But if Democrats are leery of splitting California’s 55 electoral votes, recent election results show the three new states all would have voted for Democratic presidential nominees Hillary Clinton in 2016 and Barack Obama in 2008 and 2012.
Data compiled by Ballotpedia, the political analysis firm, found Clinton would have won more than 60 percent of the vote in both California — the Los Angeles-based state — and Northern California. She would have won almost 52 percent of the vote in Southern California, while President Trump would have taken 42 percent.
Obama would have won all three states in 2012 and 2008, though he would have won the San Diego-based Southern California state by just 27,000 votes over Mitt Romney in 2012, a margin of just six-tenths of a percentage point.
That means Democrats would have earned 59 electoral votes — four more than they did in 2016, because every state gets two more electoral votes than the number of representatives it sends to Congress — though a third of those votes would have been far more competitive than they are at present.
“All three of them have voted for Democratic candidates the past three presidential elections. Southern California, however, has been much more competitive,” said Ryan Byrne, a Ballotpedia analyst who crunched the data.
Registered Democrats would outnumber Republicans in all three states, according to data from the California secretary of state’s office. The margin is closest in Southern California, where Democrats would enjoy about a 200,000-voter advantage.
The certain benefit for Democrats would be in the battle for control of the U.S. Senate. The heavily Democratic tilt of both the Los Angeles-based and San Francisco-based states would almost certainly mean at least four Senate seats would be firmly in Democratic control, and the other two would be competitive.
Carving up the state would be such a gamble for both parties that the plan would face serious hurdles in Congress, Byrne said. Both parties have something significant to lose, which means both parties have an incentive to oppose changing the status quo.

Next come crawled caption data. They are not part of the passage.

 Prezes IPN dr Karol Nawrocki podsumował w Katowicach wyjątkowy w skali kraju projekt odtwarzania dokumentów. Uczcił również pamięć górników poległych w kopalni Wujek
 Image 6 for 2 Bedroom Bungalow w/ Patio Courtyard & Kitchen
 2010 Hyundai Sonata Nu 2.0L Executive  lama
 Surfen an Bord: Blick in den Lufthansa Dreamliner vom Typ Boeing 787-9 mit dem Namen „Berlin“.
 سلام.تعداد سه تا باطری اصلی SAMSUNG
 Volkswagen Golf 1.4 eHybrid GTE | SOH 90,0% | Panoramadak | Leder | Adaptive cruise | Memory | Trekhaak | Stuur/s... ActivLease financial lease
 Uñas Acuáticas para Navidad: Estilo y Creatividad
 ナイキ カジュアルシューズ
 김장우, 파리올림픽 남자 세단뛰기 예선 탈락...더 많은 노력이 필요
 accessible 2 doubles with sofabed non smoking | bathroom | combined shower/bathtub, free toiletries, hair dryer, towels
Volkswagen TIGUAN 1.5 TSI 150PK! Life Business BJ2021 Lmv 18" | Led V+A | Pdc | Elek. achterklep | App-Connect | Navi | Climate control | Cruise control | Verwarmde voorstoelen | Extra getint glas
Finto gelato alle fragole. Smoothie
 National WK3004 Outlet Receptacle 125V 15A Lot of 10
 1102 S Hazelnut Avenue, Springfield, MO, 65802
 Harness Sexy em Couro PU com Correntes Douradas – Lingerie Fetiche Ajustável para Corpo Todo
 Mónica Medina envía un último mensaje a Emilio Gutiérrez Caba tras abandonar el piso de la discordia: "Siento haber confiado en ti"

“Would the US Congress approve this? That’s the part there’s a lot more doubt around,” he said. “For the Democrats, there’s the potential for losing electoral votes. For Republicans, there’s likely at least two more Senate seats, and two more that would be competitive.”
Draper, who earlier pushed to split California into six states, says California is so big it has become ungovernable and that three separate states would become more manageable.
But it’s not even clear if Draper’s measure would pass muster with the courts. Only state legislatures can petition Congress to create new states. And while the ballot measure purports to act as a proxy for the legislature, it would almost certainly be challenged if it were to pass in November.
The state Legislative Analyst’s Office said the legislature might still have to sign off on the plan before it goes to Congress, even if voters approve the initiative.
History is not kind to efforts to divide California, or any other state. Since becoming a state in 1850, there have been more than 200 petitions, movements or legislative efforts to split California. Northern rural counties have tried to carve-out a conservative bastion. Southern counties have tried to make a home for themselves.
The legislature actually passed, and Gov. John Weller signed, a measure in 1859 to create a new Territory of Colorado. But as the Civil War loomed, Congress never took up the proposal.
And some liberals even want the entire state to separate itself from the United States. Supporters of a so-called Calexit campaign gathered more than half a million signatures to qualify for November’s ballot.
The last time any state split itself in two came in 1863, when rural counties that backed the Union took West Virginia out of Virginia.